9.2 One-Off Decisions

9.2.1 Single-Stage Decision Networks

A decision tree is a state-based representation where each path from a root to a leaf corresponds to a state. It is, however, often more natural and more efficient to represent and reason directly in terms of features, represented as variables.

A single-stage decision network is an extension of a belief network with three kinds of nodes:

  • Decision nodes, drawn as rectangles, represent decision variables. The agent gets to choose a value for each decision variable. Where there are multiple decision variables, we assume there is a total ordering of the decision nodes, and the decision nodes before a decision node D in the total ordering are the parents of D.

  • Chance nodes, drawn as ovals, represent random variables. These are the same as the nodes in a belief network. Each chance node has an associated domain and a conditional probability of the variable, given its parents. As in a belief network, the parents of a chance node represent conditional dependence: a variable is independent of its non-descendants, given its parents. In a decision network, both chance nodes and decision nodes can be parents of a chance node.

  • A utility node, drawn as a diamond, represents the utility. The parents of the utility node are the variables on which the utility depends. Both chance nodes and decision nodes can be parents of the utility node.

Each chance variable and each decision variable has a domain. There is no domain for the utility node. Whereas the chance nodes represent random variables and the decision nodes represent decision variables, there is no utility variable.

Associated with a decision network is a conditional probability for each chance node given its parents (as in a belief network) and a utility as a function of the utility node’s parents. In the specification of the network, there are no functions associated with a decision (although the algorithm will construct a function).

Which_way Accident Value
short true 0.2
short false 0.8
long true 0.01
long false 0.99
Wear_pads Which_way Accident Utility
true short true 35
true short false 95
true long true 30
true long false 75
false short true 3
false short false 100
false long true 0
false long false 80
Figure 9.7: Single-stage decision network for the delivery robot
Example 9.10.

Figure 9.7 gives a decision network representation of Example 9.6. There are two decisions to be made: which way to go and whether to wear padding. Whether the agent has an accident only depends on which way they go. The utility depends on all three variables.
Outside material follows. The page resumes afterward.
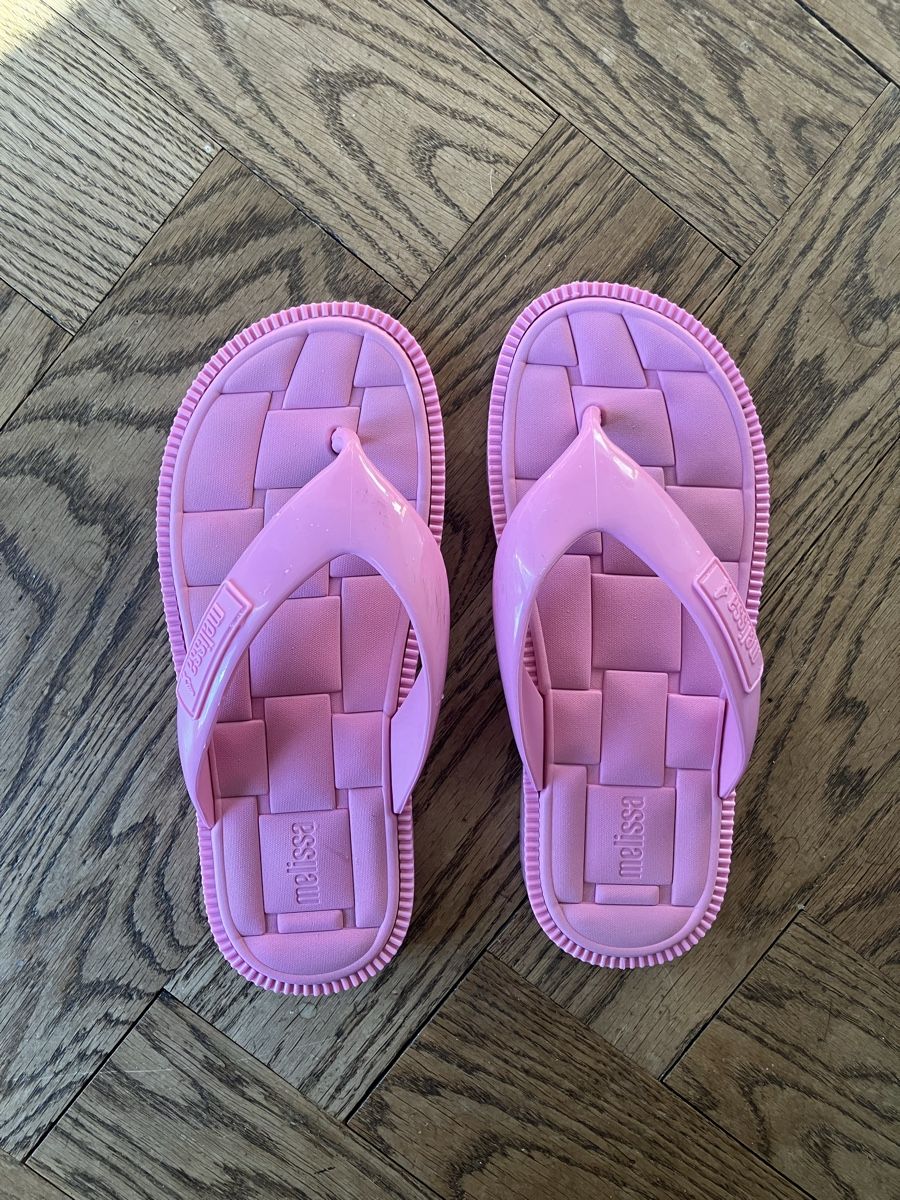 Scarpe da donna: Tongs roses marque Melissa brasil – Usato da Sion venduto da edelweissse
This network requires two factors: a factor representing the conditional probability, P(AccidentWhich_way), and a factor representing the utility as a function of Which_way, Accident, and Wear_pads. Tables for these factors are shown in Figure 9.7.

A policy for a single-stage decision network is an assignment of a value to each decision variable. Each policy has an expected utility. An optimal policy is a policy whose expected utility is maximal. That is, it is a policy such that no other policy has a higher expected utility. The value of a decision network is the expected utility of an optimal policy for the network.

1:procedure VE_SSDN(DN)
2:      Inputs
3:            DN a single stage decision network       
4:      Output
5:            An optimal policy and the expected utility of that policy.
6:      Prune all nodes that are not ancestors of the utility node.
7:      Sum out all chance nodes.
8:      – at this stage there is a single factor F that was derived from utility
9:      Let v be the maximum value in F
10:      Let d be an assignment that gives the maximum value
11:      return d,v
Figure 9.8: Variable elimination for a single-stage decision network

Figure 9.8 shows how variable elimination is used to find an optimal policy in a single-stage decision network. After pruning irrelevant nodes and summing out all random variables, there will be a single factor that represents the expected utility for each combination of decision variables. This factor does not have to be a factor on all of the decision variables; however, those decision variables that are not included are not relevant to the decision.

Example 9.11.

Consider running VE_SSDN on the decision network of Figure 9.7. No nodes are able to be pruned, so it sums out the only random variable, Accident. To do this, it multiplies both factors because they both contain Accident, and sums out Accident, giving the following factor:

Wear_pads Which_way Value
true short 0.2*35+0.8*95=83
true long 0.01*30+0.99*75=74.55
false short 0.2*3+0.8*100=80.6
false long 0.01*0+0.99*80=79.2

Thus, the policy with the maximum value – the optimal policy – is to take the short way and wear pads, with an expected utility of 83.